- **Task brief**
Leaving out every picture, output the records below exactly as they are.

- **Data for processing**
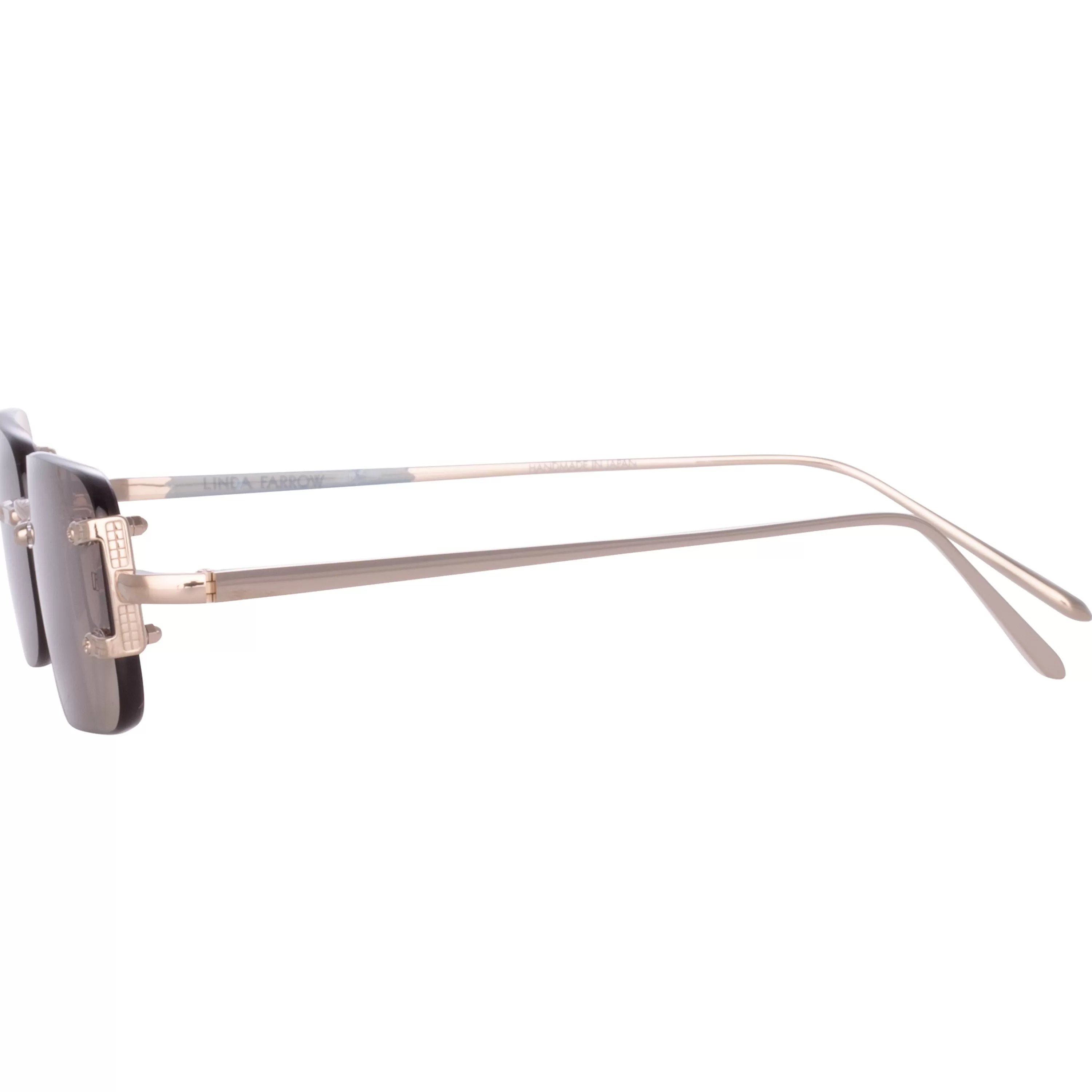 taylor_rectangular_sunglasses_in_light_gold_and_sand_2.webp LINDA FARROW (U.K.) Taylor Rectangular Sunglasses in Light Gold and Sand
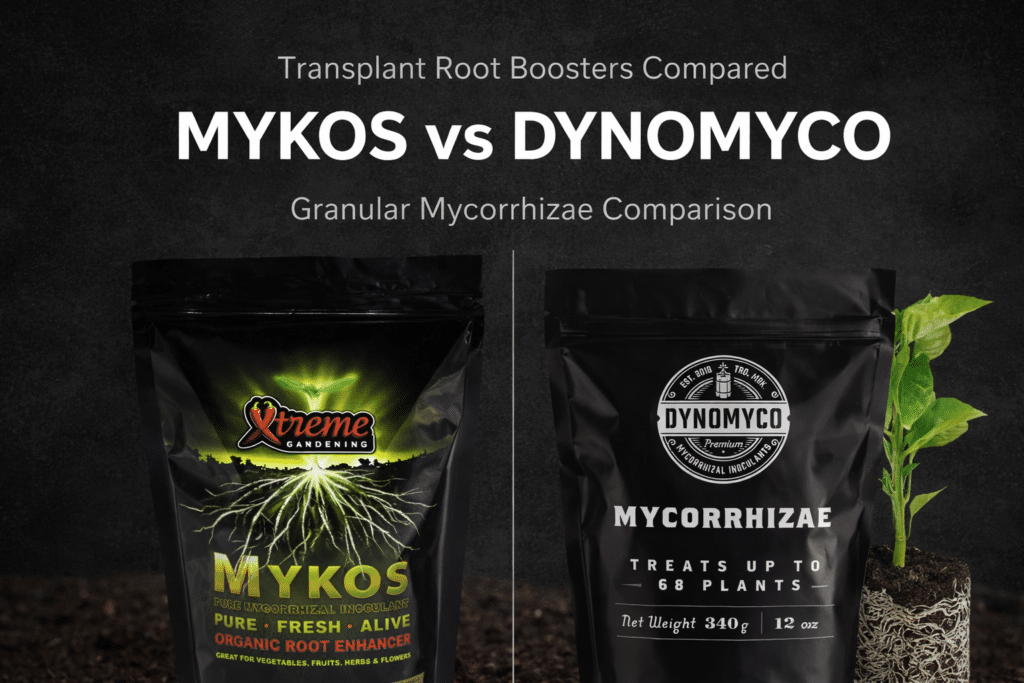 MYKOS vs DYNOMYCO mycorrhizae comparison for transplants and container plants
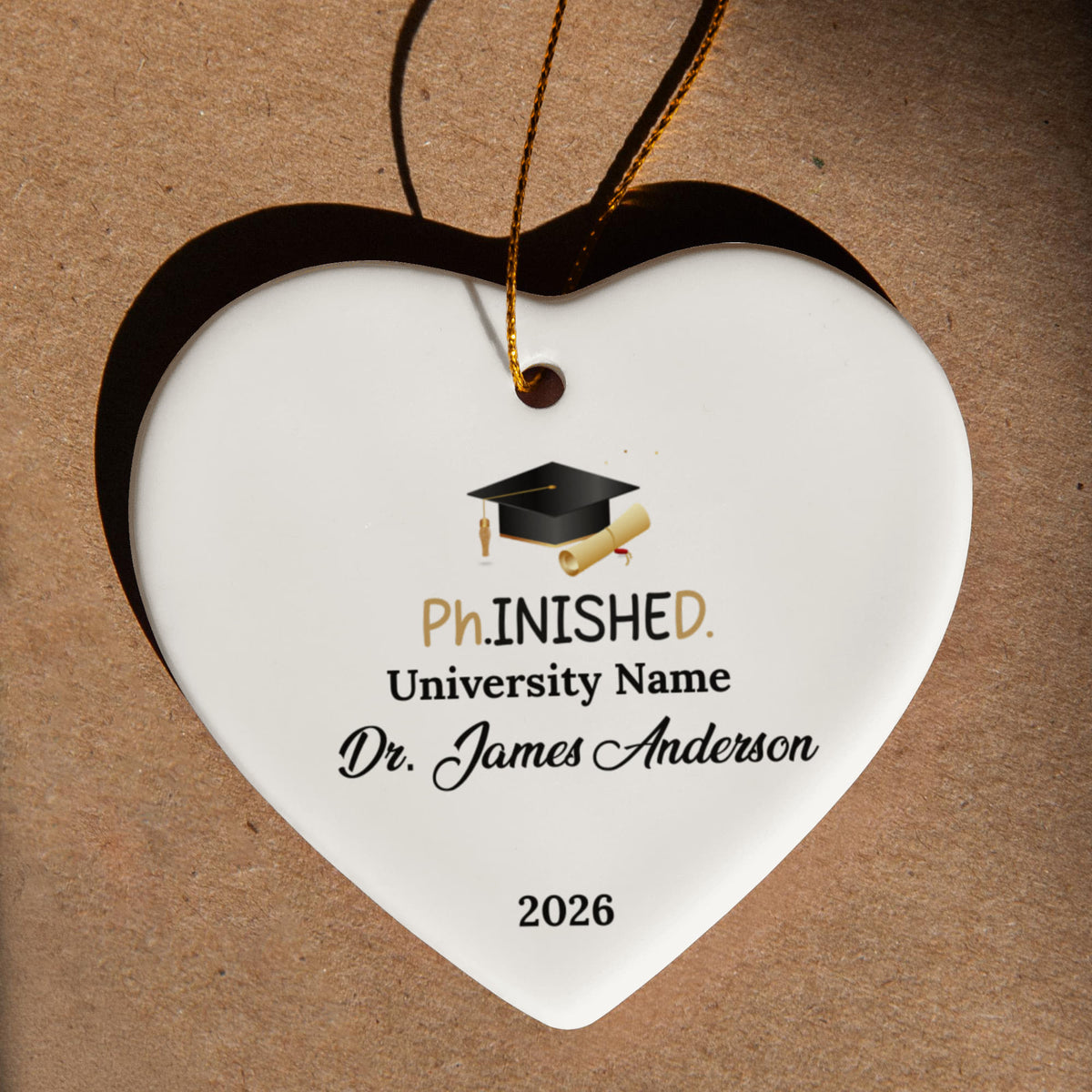 Phd Doctorate Degree Ceramic Heart Ornament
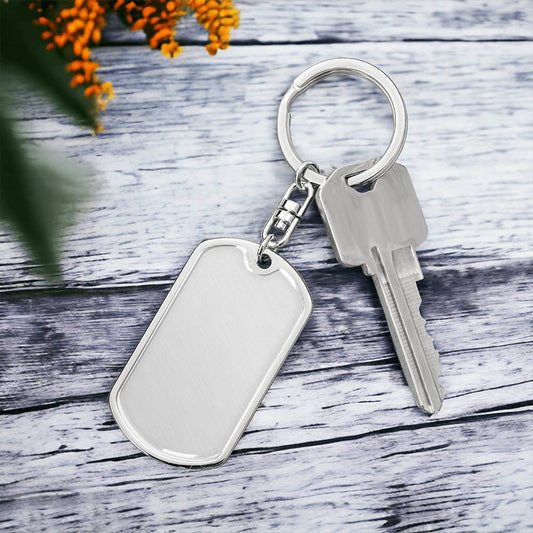 Tags of Devotion – Graphic Dog Tag Keychain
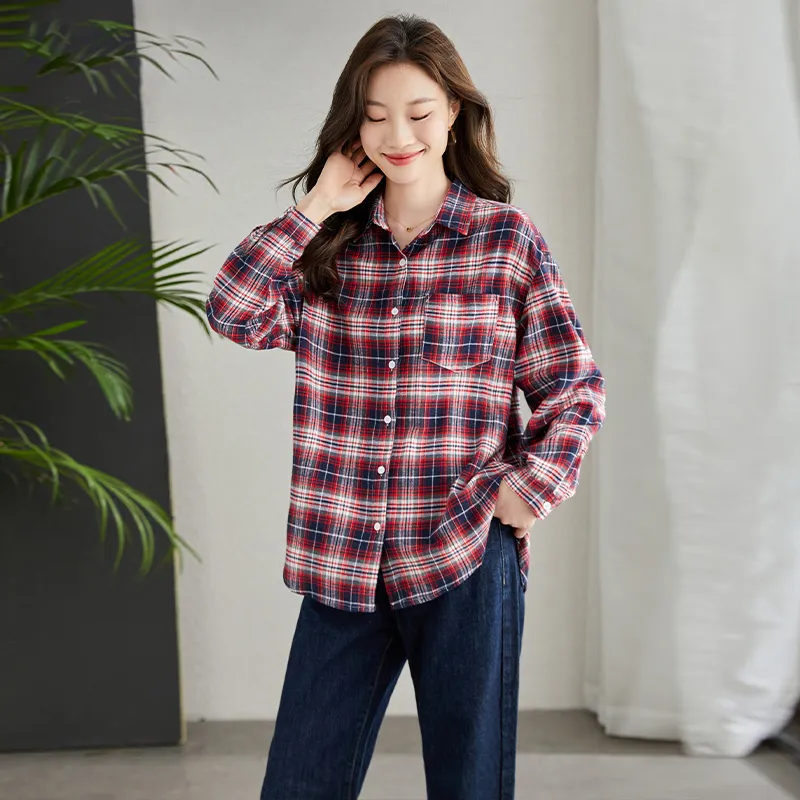 La Chapelle Shirt Women's Red Plaid-3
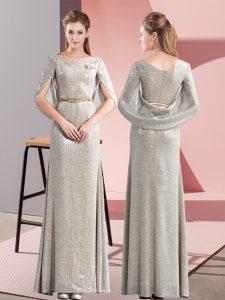 Grey Half Sleeves Belt Floor Length Prom Gown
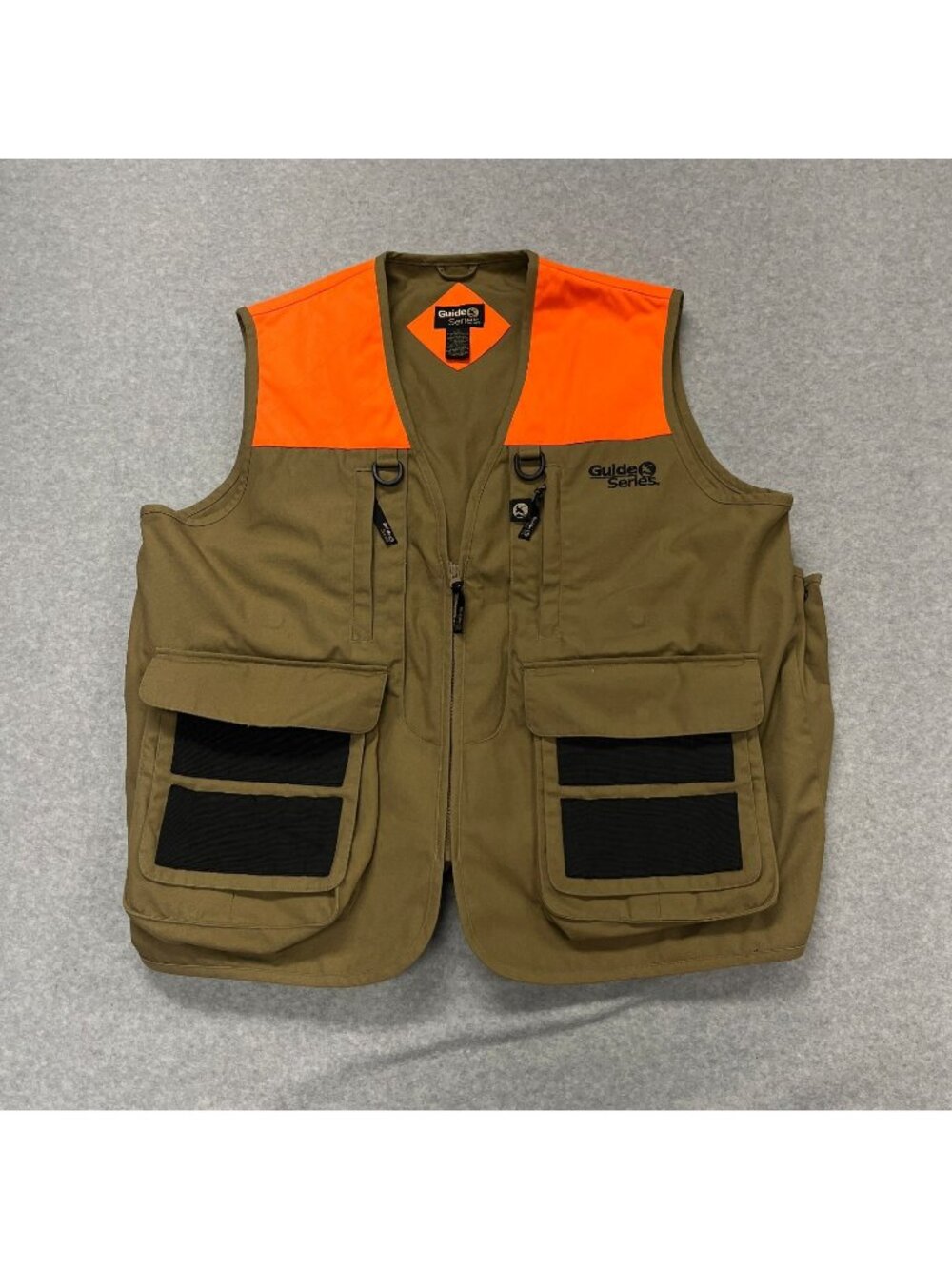 Gander Mountain Guide Series Hunting Vest Men Large Tan Blaze Orange Upland Bird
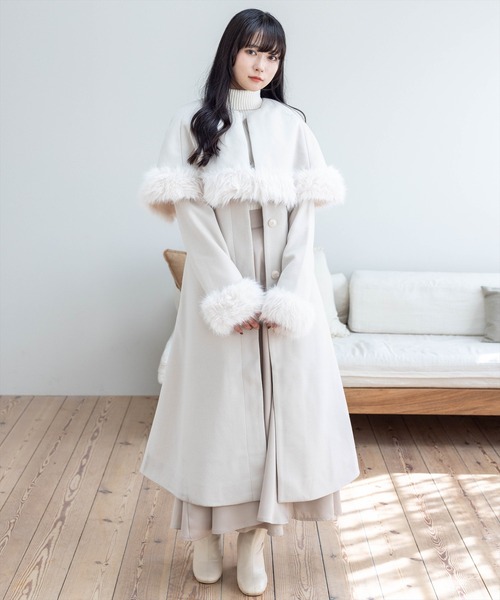 CLEAR BASIC コート アウター ファー付き2wayケープロングコート「大人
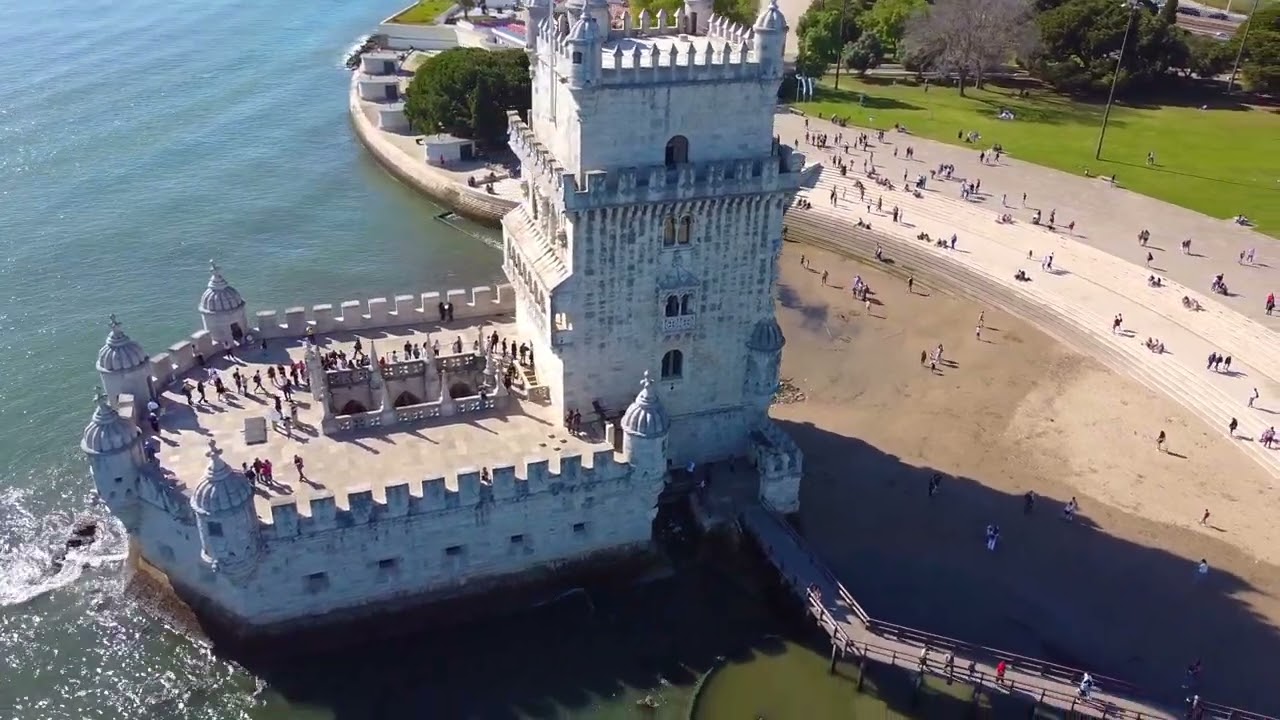 Belém Tower - Lisbon, Portugal - Drone Footage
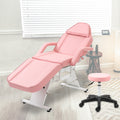 Massage Salon Tattoo Chair With Two Trays Esthetician Bed With Hydraulic Stool,Multi Purpose 3 Section Facial Bed Table, Adjustable Beauty Barber Spa Beauty Equipment, Pink Pink Pu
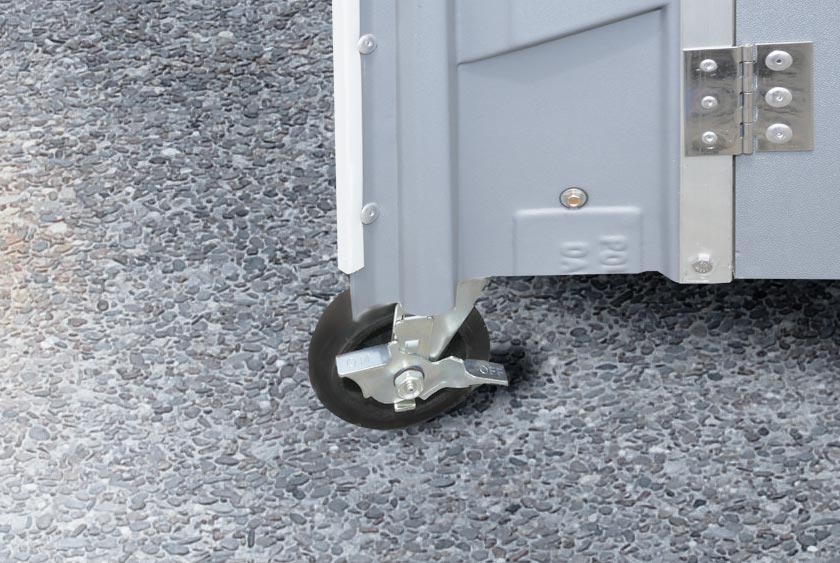 CASTER WHEELS PROVIDE LOCAL MOBILITY FOR CONVENIENCE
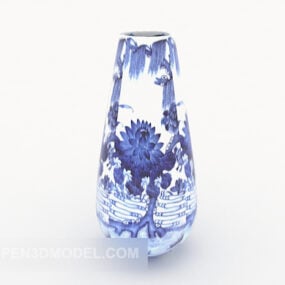 青い花の磁器装飾3Dモデル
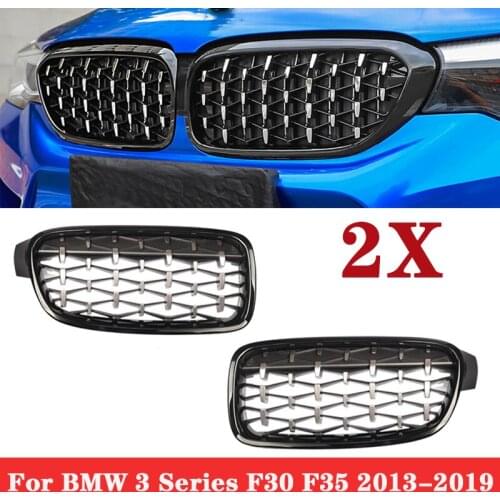 One Pair Car Diamond Front Bumper Grille Overlay Kidney Replacement Racing Grilles For BMW 3 Series F30 F35 2013-2019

- **Reply to the task**
 taylor_rectangular_sunglasses_in_light_gold_and_sand_2.webp LINDA FARROW (U.K.) Taylor Rectangular Sunglasses in Light Gold and Sand
 MYKOS vs DYNOMYCO mycorrhizae comparison for transplants and container plants
 Phd Doctorate Degree Ceramic Heart Ornament
 Tags of Devotion – Graphic Dog Tag Keychain
 La Chapelle Shirt Women's Red Plaid-3
 Grey Half Sleeves Belt Floor Length Prom Gown
 Gander Mountain Guide Series Hunting Vest Men Large Tan Blaze Orange Upland Bird
 CLEAR BASIC コート アウター ファー付き2wayケープロングコート「大人
 Belém Tower - Lisbon, Portugal - Drone Footage
 Massage Salon Tattoo Chair With Two Trays Esthetician Bed With Hydraulic Stool,Multi Purpose 3 Section Facial Bed Table, Adjustable Beauty Barber Spa Beauty Equipment, Pink Pink Pu
 CASTER WHEELS PROVIDE LOCAL MOBILITY FOR CONVENIENCE
 青い花の磁器装飾3Dモデル
 One Pair Car Diamond Front Bumper Grille Overlay Kidney Replacement Racing Grilles For BMW 3 Series F30 F35 2013-2019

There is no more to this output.